The Miditok library provides predefined tokenization methods (e.g. **REMI**) to translate MIDI events into tokens and vice versa, ensuring a structured and efficient representation of musical data.

### First approach to tokenization
Tokenization is probably one of the most important steps in the process.

For tokenization, in this specific example, a representation in the following form was used.

note-duration

Example: "C4-1.0, C4-1.0, G4-1.0, G4-1.0, A4-1.0, A4-1.0, G4-2.0, F4-1.0, F4-1.0, E4-1.0, E4-1.0, D4-1.0, D4-1.0, C4-2.0, G4-1.0, G4-1.0, F4-1.0, F4-1.0, E4-1.0, E4-1.0, D4-2.0, G4-1.0, G4-1.0, F4-1.0, F4-1.0, E4-1.0, E4-1.0, D4-2.0"

This allows each token to be assigned, 1 note.

A midi file, in fact, is much more complicated than this and by going about tokenizing differently, there is a risk of generating tokens that in sequence do not make sense.

By going to restrict the model so that we get for each token 1 note we make subsequent training and generation easier.

**This method unfortunately works worse than Miditok, consequently in this notebook Miditok will be used as the main tokenizer.**

In [None]:
STRING_TOKENIZATION = False
if STRING_TOKENIZATION:
  def find_midi_files(directory):
      """Recursively finds all MIDI files in the directory."""
      midi_files = []
      for root, _, files in os.walk(directory):
          for file in files:
              if file.endswith((".mid", ".midi")):
                  midi_files.append(os.path.join(root, file))
      return midi_files

  def midi_to_note_representation(file_path):
      """Converts a MIDI file into a note-duration representation."""
      try:
          midi_data = pretty_midi.PrettyMIDI(file_path)
          note_events = []

          for instrument in midi_data.instruments:
              for note in instrument.notes:
                  # Convert pitch to note name
                  note_name = pretty_midi.note_number_to_name(note.pitch)
                  duration = note.end - note.start
                  note_events.append(f"{note_name}-{duration:.1f}")

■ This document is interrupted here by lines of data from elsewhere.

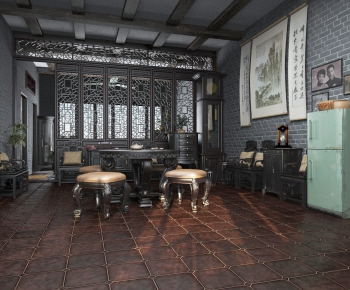 Chinese Style A Living Room-ID:589918794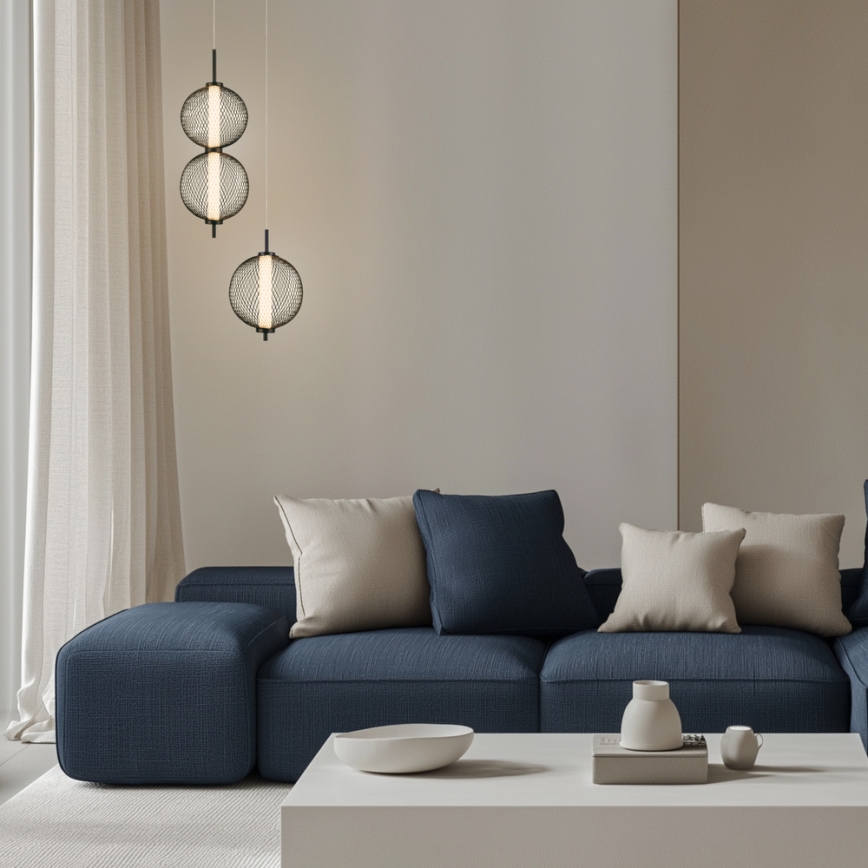 LED-hanglamp aan kabel PUMA LED/10W/230V Ø 20 cm zwart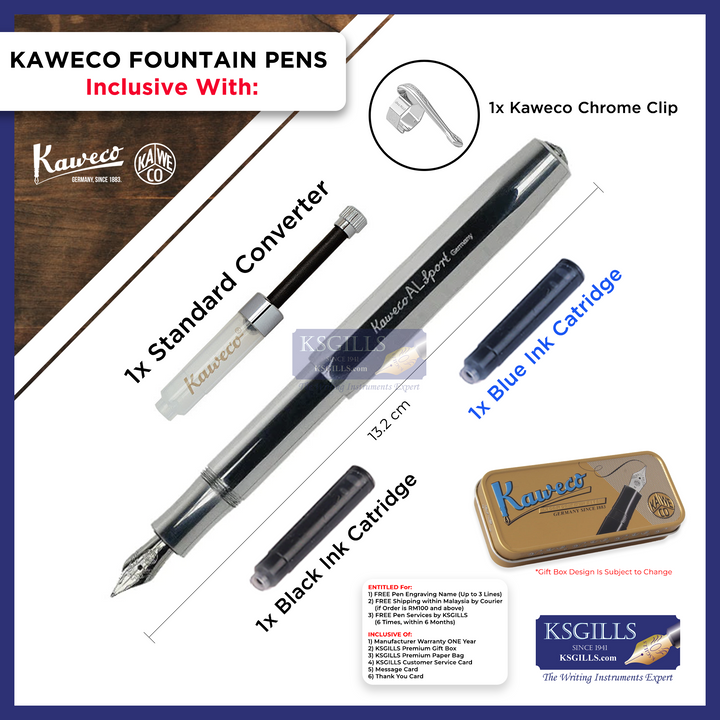 KSG set - Kaweco AL Sport Raw High Gloss Fountain Pen - KSGILLS.com | The Writing Instruments Expert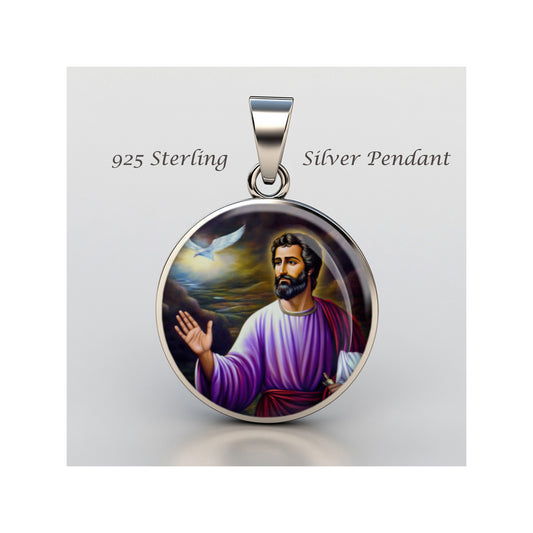 Saint Matthias Catholic sterling silver 925 Christian Medal Patron Pendant image 0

          return ", ".join(note_events)
      except Exception as e:
          print(f"Error in file conversion {file_path}: {e}")
          return None

  def create_dataset_from_midi(midi_files, output_file):
      """Creates a JSON dataset with the representation of notes from MIDI files."""
      dataset = {}

      for midi_file in tqdm(midi_files):
          note_representation = midi_to_note_representation(midi_file)
          if note_representation:
              dataset[midi_file] = note_representation

      with open(output_file, "w") as json_file:
          json.dump(dataset, json_file, indent=4)

      print(f"Dataset created and saved in {output_file}")

  output_dataset_file = "midi_dataset.json"

  string_midis = [str(midi) for midi in midis]
  create_dataset_from_midi(string_midis, output_dataset_file)

  dataset_file = "midi_dataset.json"

  with open(dataset_file, "r") as json_file:
      dataset = json.load(json_file)
      maestro_dataset = list(dataset.values())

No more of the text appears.